The problem >> Only one stretch of the records below is wanted: the lines from the one holding "Lovestitch Navy and" through the one holding "Coconut Oil by". Return it exactly, both ends included.

___ Dataset

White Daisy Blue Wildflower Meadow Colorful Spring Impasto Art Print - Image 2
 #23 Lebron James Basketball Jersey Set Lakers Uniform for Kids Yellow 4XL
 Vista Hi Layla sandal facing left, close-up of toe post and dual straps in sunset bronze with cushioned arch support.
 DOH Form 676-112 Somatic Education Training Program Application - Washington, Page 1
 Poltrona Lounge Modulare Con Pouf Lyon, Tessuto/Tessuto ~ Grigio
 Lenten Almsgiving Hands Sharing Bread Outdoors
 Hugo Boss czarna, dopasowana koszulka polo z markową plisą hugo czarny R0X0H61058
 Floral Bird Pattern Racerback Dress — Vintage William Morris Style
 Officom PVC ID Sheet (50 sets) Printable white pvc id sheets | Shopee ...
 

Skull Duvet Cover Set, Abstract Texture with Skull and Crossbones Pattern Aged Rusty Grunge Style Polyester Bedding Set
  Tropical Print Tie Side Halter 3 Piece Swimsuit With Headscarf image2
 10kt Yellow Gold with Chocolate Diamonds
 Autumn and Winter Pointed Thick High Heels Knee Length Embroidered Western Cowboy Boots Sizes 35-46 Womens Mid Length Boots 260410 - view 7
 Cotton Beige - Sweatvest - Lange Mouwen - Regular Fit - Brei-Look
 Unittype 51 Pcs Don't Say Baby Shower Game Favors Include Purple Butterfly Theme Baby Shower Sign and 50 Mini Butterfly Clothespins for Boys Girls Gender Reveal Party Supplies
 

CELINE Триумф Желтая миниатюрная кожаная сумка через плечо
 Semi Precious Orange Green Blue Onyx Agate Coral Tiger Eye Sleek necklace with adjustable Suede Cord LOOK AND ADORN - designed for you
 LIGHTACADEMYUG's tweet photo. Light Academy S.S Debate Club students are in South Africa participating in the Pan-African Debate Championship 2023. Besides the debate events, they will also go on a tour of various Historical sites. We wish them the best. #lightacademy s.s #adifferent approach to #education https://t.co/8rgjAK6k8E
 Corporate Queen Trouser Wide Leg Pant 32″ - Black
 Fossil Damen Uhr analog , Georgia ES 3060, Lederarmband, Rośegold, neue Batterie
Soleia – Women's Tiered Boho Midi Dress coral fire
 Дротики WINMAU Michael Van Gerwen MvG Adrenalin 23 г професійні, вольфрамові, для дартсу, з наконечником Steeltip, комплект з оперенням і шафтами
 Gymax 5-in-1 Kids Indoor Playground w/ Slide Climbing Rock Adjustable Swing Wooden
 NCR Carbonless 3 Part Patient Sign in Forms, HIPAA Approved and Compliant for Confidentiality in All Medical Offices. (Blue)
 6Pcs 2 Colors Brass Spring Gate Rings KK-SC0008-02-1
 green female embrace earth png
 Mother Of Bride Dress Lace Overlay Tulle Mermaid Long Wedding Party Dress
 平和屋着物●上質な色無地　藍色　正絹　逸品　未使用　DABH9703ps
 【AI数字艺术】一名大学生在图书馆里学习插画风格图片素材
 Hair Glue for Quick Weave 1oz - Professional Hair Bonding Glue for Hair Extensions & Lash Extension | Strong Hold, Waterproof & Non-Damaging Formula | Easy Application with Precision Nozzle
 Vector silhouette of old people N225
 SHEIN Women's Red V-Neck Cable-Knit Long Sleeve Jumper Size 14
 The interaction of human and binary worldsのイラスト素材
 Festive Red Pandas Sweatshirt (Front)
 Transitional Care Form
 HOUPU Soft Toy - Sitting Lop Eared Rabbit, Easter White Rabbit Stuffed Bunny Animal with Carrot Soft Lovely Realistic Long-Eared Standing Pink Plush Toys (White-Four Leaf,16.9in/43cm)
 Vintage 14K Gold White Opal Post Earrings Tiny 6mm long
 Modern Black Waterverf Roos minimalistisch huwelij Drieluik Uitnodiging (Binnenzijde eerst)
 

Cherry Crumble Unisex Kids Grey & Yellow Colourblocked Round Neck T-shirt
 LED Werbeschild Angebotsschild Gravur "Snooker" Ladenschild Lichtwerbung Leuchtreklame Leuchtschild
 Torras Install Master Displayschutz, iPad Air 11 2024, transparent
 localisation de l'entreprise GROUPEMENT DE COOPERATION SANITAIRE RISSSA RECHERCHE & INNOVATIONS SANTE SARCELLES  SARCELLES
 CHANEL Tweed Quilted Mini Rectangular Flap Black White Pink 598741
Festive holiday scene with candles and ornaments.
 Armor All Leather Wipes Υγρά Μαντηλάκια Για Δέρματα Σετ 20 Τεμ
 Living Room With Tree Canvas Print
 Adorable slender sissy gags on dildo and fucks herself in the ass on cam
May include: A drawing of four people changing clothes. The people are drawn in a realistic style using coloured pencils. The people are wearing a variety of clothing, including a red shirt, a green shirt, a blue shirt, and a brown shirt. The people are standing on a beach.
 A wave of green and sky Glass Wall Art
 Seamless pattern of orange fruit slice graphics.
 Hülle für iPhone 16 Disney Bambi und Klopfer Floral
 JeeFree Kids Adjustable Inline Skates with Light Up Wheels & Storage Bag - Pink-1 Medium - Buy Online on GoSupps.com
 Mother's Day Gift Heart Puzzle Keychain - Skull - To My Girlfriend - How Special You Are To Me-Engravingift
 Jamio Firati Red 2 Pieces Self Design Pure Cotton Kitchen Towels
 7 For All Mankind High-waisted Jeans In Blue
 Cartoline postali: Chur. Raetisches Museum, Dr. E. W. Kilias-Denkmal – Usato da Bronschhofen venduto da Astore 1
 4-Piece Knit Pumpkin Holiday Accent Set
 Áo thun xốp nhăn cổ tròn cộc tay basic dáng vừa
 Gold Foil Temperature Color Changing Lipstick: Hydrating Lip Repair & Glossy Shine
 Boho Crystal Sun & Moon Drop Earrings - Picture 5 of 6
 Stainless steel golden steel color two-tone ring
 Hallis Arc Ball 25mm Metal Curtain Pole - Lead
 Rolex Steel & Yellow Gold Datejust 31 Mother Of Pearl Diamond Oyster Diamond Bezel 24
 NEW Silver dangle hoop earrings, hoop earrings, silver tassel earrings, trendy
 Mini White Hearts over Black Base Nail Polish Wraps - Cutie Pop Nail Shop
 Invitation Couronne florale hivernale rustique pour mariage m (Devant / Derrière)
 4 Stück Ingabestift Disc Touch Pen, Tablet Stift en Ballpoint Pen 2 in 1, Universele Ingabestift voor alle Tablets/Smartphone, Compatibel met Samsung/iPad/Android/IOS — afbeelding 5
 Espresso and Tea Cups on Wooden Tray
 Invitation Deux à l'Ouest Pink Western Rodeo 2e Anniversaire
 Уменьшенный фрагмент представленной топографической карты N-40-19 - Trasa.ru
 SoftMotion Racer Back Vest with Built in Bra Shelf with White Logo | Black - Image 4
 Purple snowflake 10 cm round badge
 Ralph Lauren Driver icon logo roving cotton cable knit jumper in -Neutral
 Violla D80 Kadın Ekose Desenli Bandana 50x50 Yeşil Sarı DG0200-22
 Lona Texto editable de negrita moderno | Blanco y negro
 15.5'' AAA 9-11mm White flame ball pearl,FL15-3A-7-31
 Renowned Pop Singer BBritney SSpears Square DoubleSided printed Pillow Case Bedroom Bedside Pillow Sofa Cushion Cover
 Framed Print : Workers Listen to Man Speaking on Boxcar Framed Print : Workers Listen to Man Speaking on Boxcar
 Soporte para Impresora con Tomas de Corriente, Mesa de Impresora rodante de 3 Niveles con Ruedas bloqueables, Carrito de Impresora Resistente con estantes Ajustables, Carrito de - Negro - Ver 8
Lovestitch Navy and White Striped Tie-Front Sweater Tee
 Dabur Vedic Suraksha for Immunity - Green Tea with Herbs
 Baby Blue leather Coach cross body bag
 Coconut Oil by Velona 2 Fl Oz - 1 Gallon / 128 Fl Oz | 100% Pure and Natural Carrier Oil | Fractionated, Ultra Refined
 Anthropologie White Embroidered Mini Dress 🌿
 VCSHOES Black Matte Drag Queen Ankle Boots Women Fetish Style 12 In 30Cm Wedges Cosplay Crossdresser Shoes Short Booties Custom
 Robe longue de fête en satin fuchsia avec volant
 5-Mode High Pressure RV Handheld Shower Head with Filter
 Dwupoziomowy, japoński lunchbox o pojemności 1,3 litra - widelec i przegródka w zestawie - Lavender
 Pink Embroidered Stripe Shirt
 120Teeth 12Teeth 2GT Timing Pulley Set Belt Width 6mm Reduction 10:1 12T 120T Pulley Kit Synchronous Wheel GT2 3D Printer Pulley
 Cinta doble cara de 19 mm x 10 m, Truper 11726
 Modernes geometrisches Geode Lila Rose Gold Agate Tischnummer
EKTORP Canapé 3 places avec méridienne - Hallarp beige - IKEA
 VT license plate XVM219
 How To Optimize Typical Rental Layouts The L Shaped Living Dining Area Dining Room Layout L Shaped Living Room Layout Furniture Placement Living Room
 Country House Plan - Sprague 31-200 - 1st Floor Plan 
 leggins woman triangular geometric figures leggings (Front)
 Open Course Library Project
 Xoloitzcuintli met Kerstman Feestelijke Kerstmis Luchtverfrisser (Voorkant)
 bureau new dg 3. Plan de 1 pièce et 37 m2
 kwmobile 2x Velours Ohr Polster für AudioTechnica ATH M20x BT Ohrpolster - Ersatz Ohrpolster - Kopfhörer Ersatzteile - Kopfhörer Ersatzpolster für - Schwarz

______

Task solution >>
Lovestitch Navy and White Striped Tie-Front Sweater Tee
 Dabur Vedic Suraksha for Immunity - Green Tea with Herbs
 Baby Blue leather Coach cross body bag
 Coconut Oil by Velona 2 Fl Oz - 1 Gallon / 128 Fl Oz | 100% Pure and Natural Carrier Oil | Fractionated, Ultra Refined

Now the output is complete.